NEWS, EDITORIALS, REFERENCE
A Hybrid Memory Manager
There are many great articles on the web about how standard C libraries implement memory management.1 But these articles always assume you've got a PC with lots of RAM, from many megabytes to many gigabytes. The implementation of these memory managers take up lots of memory and so on a C64 we need a solution that suits our needs and has a small lightweight implementation.
Typically in a modern OS, on modern hardware, memory is not only managed but it is also virtualized. So your program is working with numeric values that represent addresses, but those numeric values are not the actual hardware memory addresses. The C64 lacks hardware support for this sort of virtualization and so it is entirely impractical. It's also less useful since C64 OS is single-tasking anyway. In these virtualized memory systems, the entire memory range available to the process is allocated by the same mechanism. If you want a 1 megabyte buffer, for any purpose, you ask for a 1 megabyte sized block of memory the same way you ask for a 20 byte block of memory to hold a small structure. Depending on order in which memory is requested large chunks and small chunks may end up getting interleaved. And as memory is released this can cause fragmentation. It's not a super big deal when you have a lot of memory to work with. And it can be mitigated by more sophisticated memory manager implementations that are able to analyze and coallesce many small blocks into larger blocks.

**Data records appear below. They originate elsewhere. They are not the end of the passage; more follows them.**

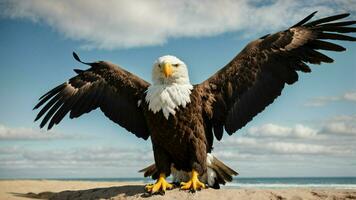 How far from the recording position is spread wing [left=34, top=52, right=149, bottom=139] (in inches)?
283

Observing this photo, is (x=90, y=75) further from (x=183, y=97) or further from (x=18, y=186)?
(x=18, y=186)

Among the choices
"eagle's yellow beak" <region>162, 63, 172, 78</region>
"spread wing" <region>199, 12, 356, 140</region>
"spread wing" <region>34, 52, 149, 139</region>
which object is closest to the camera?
"eagle's yellow beak" <region>162, 63, 172, 78</region>

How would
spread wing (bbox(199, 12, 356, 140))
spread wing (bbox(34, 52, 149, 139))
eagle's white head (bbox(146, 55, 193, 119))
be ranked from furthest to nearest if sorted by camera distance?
spread wing (bbox(34, 52, 149, 139)), spread wing (bbox(199, 12, 356, 140)), eagle's white head (bbox(146, 55, 193, 119))

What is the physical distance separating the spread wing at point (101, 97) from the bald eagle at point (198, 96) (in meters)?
0.02

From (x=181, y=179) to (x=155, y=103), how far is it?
1.36m

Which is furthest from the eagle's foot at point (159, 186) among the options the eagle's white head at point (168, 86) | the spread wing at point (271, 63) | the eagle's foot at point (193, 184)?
Answer: the spread wing at point (271, 63)

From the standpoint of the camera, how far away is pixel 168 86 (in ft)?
20.6

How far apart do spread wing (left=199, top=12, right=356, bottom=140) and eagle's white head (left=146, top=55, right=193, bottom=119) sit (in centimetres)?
43

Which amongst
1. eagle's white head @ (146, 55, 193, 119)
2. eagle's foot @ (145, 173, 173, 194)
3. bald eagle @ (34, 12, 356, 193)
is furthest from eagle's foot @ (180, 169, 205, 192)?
eagle's white head @ (146, 55, 193, 119)

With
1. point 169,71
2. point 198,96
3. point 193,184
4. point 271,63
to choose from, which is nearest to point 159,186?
point 193,184

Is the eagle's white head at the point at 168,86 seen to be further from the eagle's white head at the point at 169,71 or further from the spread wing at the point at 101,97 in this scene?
the spread wing at the point at 101,97

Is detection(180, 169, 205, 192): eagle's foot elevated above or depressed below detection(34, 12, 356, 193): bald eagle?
below

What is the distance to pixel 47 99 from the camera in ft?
24.8

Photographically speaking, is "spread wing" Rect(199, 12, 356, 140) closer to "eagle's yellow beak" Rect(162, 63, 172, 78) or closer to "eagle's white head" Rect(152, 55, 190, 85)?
"eagle's white head" Rect(152, 55, 190, 85) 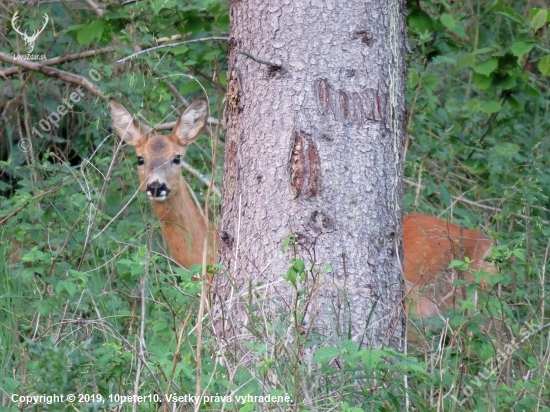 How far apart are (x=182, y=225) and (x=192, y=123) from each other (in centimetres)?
83

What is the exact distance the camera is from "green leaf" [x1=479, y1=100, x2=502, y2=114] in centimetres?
629

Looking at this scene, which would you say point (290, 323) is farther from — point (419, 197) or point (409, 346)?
point (419, 197)

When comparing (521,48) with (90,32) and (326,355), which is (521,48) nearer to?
(90,32)

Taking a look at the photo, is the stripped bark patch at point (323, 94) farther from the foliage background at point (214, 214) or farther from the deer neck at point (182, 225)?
the deer neck at point (182, 225)

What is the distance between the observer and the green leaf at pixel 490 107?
247 inches

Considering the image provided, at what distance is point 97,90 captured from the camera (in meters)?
6.43

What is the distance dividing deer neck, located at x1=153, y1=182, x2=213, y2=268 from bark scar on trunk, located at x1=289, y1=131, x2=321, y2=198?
271cm

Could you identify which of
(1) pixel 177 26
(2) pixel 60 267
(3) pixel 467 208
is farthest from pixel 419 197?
(2) pixel 60 267

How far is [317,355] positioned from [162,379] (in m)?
0.58

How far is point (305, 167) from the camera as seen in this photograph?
3.78m

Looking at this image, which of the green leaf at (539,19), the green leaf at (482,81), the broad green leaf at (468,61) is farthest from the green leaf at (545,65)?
the broad green leaf at (468,61)

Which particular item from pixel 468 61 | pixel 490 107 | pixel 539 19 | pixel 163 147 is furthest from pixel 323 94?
pixel 163 147

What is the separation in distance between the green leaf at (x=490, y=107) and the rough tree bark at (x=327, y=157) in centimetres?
260

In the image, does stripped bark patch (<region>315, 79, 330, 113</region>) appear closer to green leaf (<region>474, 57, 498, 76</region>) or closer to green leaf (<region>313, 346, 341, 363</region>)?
green leaf (<region>313, 346, 341, 363</region>) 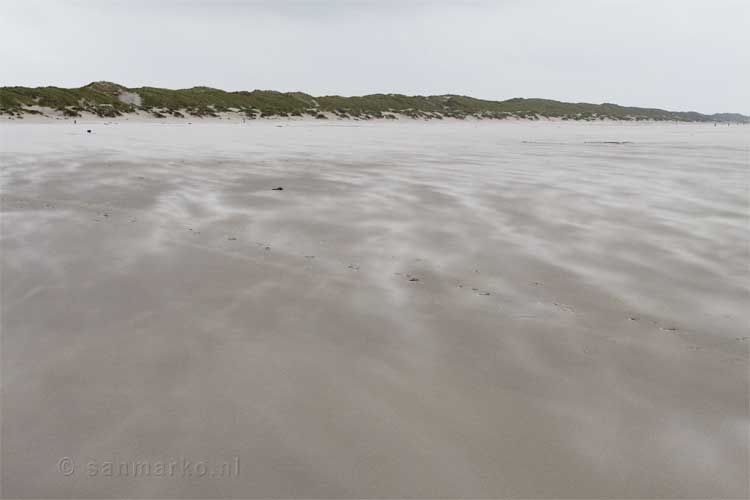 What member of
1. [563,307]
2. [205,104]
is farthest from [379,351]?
[205,104]

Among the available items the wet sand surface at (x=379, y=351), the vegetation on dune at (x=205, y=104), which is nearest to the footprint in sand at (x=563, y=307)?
the wet sand surface at (x=379, y=351)

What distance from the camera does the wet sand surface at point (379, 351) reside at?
183 cm

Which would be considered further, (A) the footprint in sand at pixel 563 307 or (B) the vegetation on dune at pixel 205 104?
(B) the vegetation on dune at pixel 205 104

I've changed my mind a couple of times thinking about what sort of memory manager would be most useful, but I've pretty much settled on a hybrid model. The first model is the simplest and is about 99% complete and the second model will piggy back on the first. So, what are these models, and how do they work?
The first model is a very simple block allocator. The 6510 can address exactly 256 pages of memory, where each page is 256 bytes big. Very conveniently the number of pages fits within a single 8-bit value. So, a single 8-bit number can be used to refer to any page. In order for the memory manager to know which pages are available and which are used, it keeps track of availability with a 32 byte map. 32 bytes times 8-bits is 256. A bit value of 1 means the page is available, a bit value of 0 means the page is spoken for. The availability map functions a lot like the BAM (Block Availability Map) of a floppy disk.
There are several jump table calls for the programmer to use to free and allocate memory. You set the number of contiguous pages in the .A register and call the pagealloc2 routine. The routine searches the map for that many 1's in a row. Sets those 1's to 0's and returns in the accumulator the page number of the first in the sequence. The carry is used to indicate success or failure. A failure occurs when it cannot find as many consequtive free pages as were requested.
There are a couple of tricks, but it really is almost this basic. The allocator checks to see if the KERNAL is patched in, or the BASIC ROM or I/O are patched in and will automatically not give you blocks that fall under those areas. If you wanted blocks under the KERNAL, you'd have to patch the KERNAL out prior to making the request. C64 OS automatically marks the memory that it itself uses as unavailable, as well as the first 2 pages, which are used by the system for stack, screen, and KERNAL working space.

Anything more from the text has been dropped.